When is enough enough? When do we say, "what's the difference"? One laughter is an others howl. One sound is an others deafness. One closed heart is only an others open heart. Balance is tricky but it's not unattainable. The "vs" within the contrast of two items is what keeps them separated. What if we took out the "vs" and just left it as is? Happy next to sad is basically saying happy IS sad and vise verse. Balancing could be as easy or as hard as walking a plank that sits on a sharp edged stone. Maybe the best place to have your feet planted is somewhere in the middle, either that or taking the plunge off the one of the sides. Is it possible to find the balance in extreme difference? Is it possible to find find steadiness in constant movement?


Escaping

I have been writing about a home grown life vs. life on the road. Is it possible to have both? Is it possible to roam the edge of the world and then come home and grow a vegetable garden? Who would maintain that crafted home with the wood stove and the compost pit next to the chicken coup while the other half of you is gone roaming around and shifting the world? Would one life abandon the other life? Would the door swing open, everyone jump ship and leave one life behind? What if you want both? What if you want to pull back that swinging door that sits on the edge of the cliff and slam it shut?


Getting Entangled

A friend recently said to another friend, "I want to get all entangled in your life".......
Isn't life entangled either way? Aren't we all just moving from one experience to the next wrapping ourselves in each others lives and leading a spool of thread on our trail? Life is meant to be a web of thoughts and ideas, friendships and careers, intimacy and connection. Wouldn't it only make sense to get yourself entangled?

A perfect example would be my hair. It's curly. Straight. Flat AND fro, all in the same moment. It's entangled almost 99% of the time. It's messy. Dramatic . Graceful. Soft. Crunchy. It gets caught in friends earrings. It gets caught in spiky branches in the trees or in the thorns down low in the forests. I have most of my day stuck in my hair. It's as symbolic and as beautiful as having lines on the face of older women and men who gather up years as they continue to stride forward. You can't really show that you have lived this life without proof. So again, isn't the saying wanting to get "all entangled in your life" one of the most fluid, graceful AND beautiful things that you have ever heard?!?!?!

I say GET ENTANGLED. Get as deep and lost within someone else as humanly possible. Get as captured, mixed up and involved with all of life, as you can.

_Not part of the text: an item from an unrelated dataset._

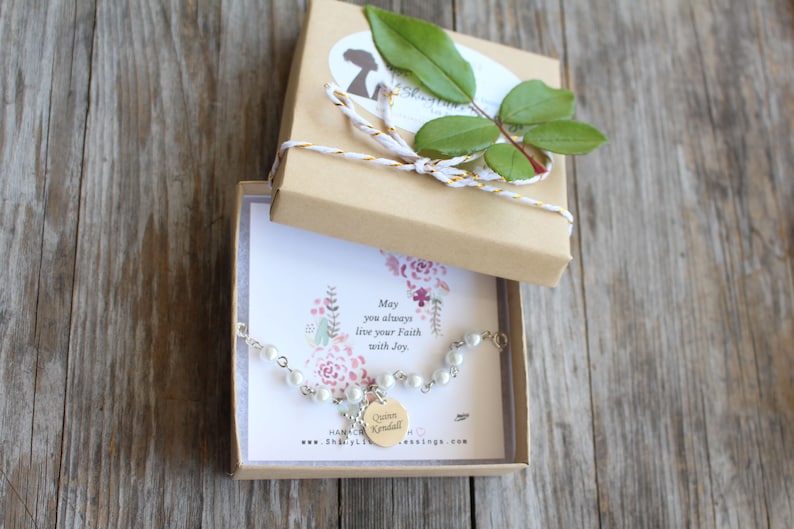 May include: A white pearl bracelet with a silver charm that says "Queen Kendall" in a gold font. The bracelet is in a small brown box with a white and gold ribbon. The box has a card inside with the text "May you always live your faith with joy."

That's my profound "ah ha" of the the week.


Skipping Over The Lilly Patch

I have been writing about the past. A fogged up memory of something that once was and as beautiful as that image is, when is it time to truly let go of something that only exists within a compartment of you brain?

When is it time to sift through your photographs, emotions, and dreams that no longer are?

When do you hit that delete button?


Choosing to Swim

I am ALSO, besides everything else, in this constant, slash stagnant, place within my writing. For the past two months I have been stuck. It's not like I have been stuck within my life although, is being stuck within my writing an example of being stuck within my life? Or is this "stickiness" a classic example of writers block? Is it normal to throw out so many questions knowing very well it's not like the the black hole within this satellite connection is ever going to answer me?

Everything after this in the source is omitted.